Le président ne fait que respecter à la lettre les
principes qui régissent la gestion des fédérations
de football nationales, à savoir qu’en dépit du
financement par l’Etat, ces institutions sportives
doivent rendre plutôt compte à la CAF et la FIFA.
Ceci est une clarification du silence de la
présidence pendant les soubresauts qui ont secoué la
sélection togolaise en Allemagne.
Mais, en réalité, en filigrane, le désaveu du
président signifie la fin d’une époque, d’une
certaine république, celle des courtisans qui
exploitent à des fins personnelles le nom du
président, pour un oui ou pour un non.
C’est ainsi que par le passé, bien de choses se sont
faites dans ce pays au nom de feu Gnassingbé
Eyadema, par de zélés courtisans, sans que
l’intéressé fût au courant. Il en était ainsi de la
fabuleuse histoire de l’authenticité, quand au cours
d’un journal de 12h 30 à la radio, l’ancien
tout-puissant ministre de l’intérieur, Feu Djidjogbé
Kpotivi Laclé, déclara obligatoire l’usage des
prénoms authentiques et l’abrogation des prénoms
importés ou chrétiens.
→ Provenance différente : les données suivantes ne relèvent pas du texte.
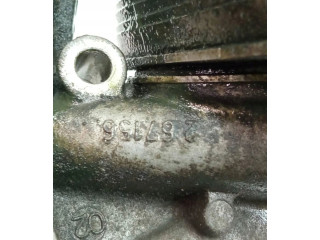 Масляный насос   16V  Renault Clio III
Dans le fait, aucun acte de
l’Etat ni décret présidentiel ne porta cette
mention. Mais le peuple berné et les services
administratifs ont appliqué à la lettre la consigne
fantôme.
En se désolidarisant de l’action du général Gnofame,
Faure Gnassingbé a sifflé la fin de la pagaille en
envoyant au diable vauvert les dinosaures. C’est la
fin de vieux dinosaures, qui, engoncés dans des
pratiques villageoises du pouvoir étatique faisaient
la pluie et le beau temps à l’époque du général
Eyadema.
Contrairement à son père qui encaissait sans
broncher les défaillances de ses collaborateurs, le
président Faure Gnassingbé, lui, dit non. Chacun à
sa place, et la République sera mieux gérée.